Sauvignon Blanc dates back to 18th century France where it first gained recognition in the Loire Valley and in the Bordeaux wine vineyards as well. It is thought that the grape is related to an older variety, Sauvignon Blanc, which is used in Jura, and even Carmenere. Interestingly, while Sauvignon Blanc is a white wine, the crossing with Cabernet Franc created the noble grape, Cabernet Sauvignon.
Sauvignon Blanc vines develop buds late and interestingly, it also ripens early. The grape develops best in temperate climates found in numerous wine regions as diverse as Bordeaux, California, South Africa, Australia and New Zealand.
Sauvignon Blanc continues gaining in popularity. In fact, Sauvignon Blanc is now the world’s 8th most widely planted grape. For white wines, only Chardonnay is more popular. Sauvignon Blanc is now so popular, the grape has its own holiday, International Sauvignon Blanc Day is celebrated depending on your calendar every April 24 and, or May 17!
Sauvignon Blanc as a wine and food match was made to pair with fresh seafood. Oysters on the half shell and Sauvignon Blanc is perfection to many. Other seafood dishes are perfect with Sauvignon Blanc, especially shellfish. Sauvignon Blanc and chicken can work, depending on the preparation. Sauvignon Blanc also makes a great match with a variety of cheeses, vegetables and salads.
The characteristics of Sauvignon Blanc wines can vary widely. Much of that variation is dependent on choices made by the winemaker. For example. the length of time the must remains in contact with grape skins. Longer periods of contact time produce a more intense wine. But that is countered by a wine that offering less age ability.
Temperature during fermentation also plays a large role in the wines character. With warmer temperatures, the wine develops more minerality, cooler temperatures accentuate tropical fruit and citrus sensations and acidities. Many consumers feel the best 100% Sauvignon Blanc wines are produced by Didier Dagueneau and other produces in the Loire Valley.
For blends, unquestionably, Sauvignon Blanc reaches its zenith in Bordeaux. In the past, the grape enjoyed tremendous popularity in the Bordeaux wine region. It was extremely dominant in Entre-Deux-Mers. Today, it is used more frequently in Pessac Leognan, the Graves and for the sweet white wine producing appellations of Sauternes, where it is prone to developing botrytis.
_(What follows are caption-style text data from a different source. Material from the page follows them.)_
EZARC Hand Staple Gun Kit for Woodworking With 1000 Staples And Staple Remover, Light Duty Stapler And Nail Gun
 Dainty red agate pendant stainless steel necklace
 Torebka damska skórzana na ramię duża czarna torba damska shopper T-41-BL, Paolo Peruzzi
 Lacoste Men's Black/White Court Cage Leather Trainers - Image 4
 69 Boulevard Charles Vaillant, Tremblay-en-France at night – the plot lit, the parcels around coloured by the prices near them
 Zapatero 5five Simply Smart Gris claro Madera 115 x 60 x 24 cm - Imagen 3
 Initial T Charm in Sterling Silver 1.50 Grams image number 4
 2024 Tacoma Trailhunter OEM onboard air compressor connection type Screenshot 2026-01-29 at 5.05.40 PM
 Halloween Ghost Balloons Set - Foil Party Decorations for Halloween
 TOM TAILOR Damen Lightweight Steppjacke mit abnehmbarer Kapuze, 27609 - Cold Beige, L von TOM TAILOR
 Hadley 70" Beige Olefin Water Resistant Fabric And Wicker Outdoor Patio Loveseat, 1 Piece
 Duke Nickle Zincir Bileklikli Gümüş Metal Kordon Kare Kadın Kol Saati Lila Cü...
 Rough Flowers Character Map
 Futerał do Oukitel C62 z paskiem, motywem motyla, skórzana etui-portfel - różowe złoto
In both regions, regardless of whether the wine is sweet or dry, it is most often blended with Semillon. Chateau Haut Brion Blanc is heads and shoulders over every producer of dry white Bordeaux wine. It is one of the world’s great white wines with the ability to age for decades! Sadly, with such a small production and a pent up demand, Haut Brion Blanc is perhaps the world’s most expensive, dry white wine based on the release price from the chateau. Chateau Smith Haut Lafitte, Domaine de Chevalier and Pape Clement all produce world class wine from Pessac Leognan.
Sauvignon Blanc is also the dominant grape used in producing the dry white Bordeaux wines of the Medoc. Chateau Margaux, Chateau Lynch Bages and most recently Chateau Cos d’Estournel are examples of chateau that produce dry white wine in Bordeaux. A few chateaux located in St. Emilion also make dry white wines using Sauvignon Blanc as the main grape. Most notably, Valandraud and Chateau Monbousquet.
The character of dry Bordeaux wines with Sauvignon Blanc in the blend ranges from waxy lemons, grapefruits, lime and green apples to freshly cut or mown grass. In the sweet white wines of Bordeaux, it takes on honey coated, tropical fruit sensations. While numerous chateaux in Sauternes make outstanding sweet Bordeaux wine, Chateau d’Yquem is widely recognized as the one wine from the appellation without peer.
Sauvignon Blanc has a long history in California that dates back to the late 1800’s. The credit for bringing Sauvignon Blanc to California belongs to Charles Wetmore. Some of the first cuttings planted are supposed to have come from Chateau d’Yquem. Charles Wetmore planted them for his winery in Livermore, Cresta Blanca.
In time, Sauvignon Blanc fell out of favor in the American market. During the late 1960’s, Robert Mondavi re-branded the grape, marketing it to a new generation of wine drinks as Fume Blanc. Today, there are quality producers making good Sauvignon Blanc wines in California on stonier soils. Spottswoode, Araujo, Lail, Rudd and Jonata are just some of the better estates making very good Sauvignon Blanc wines in California today.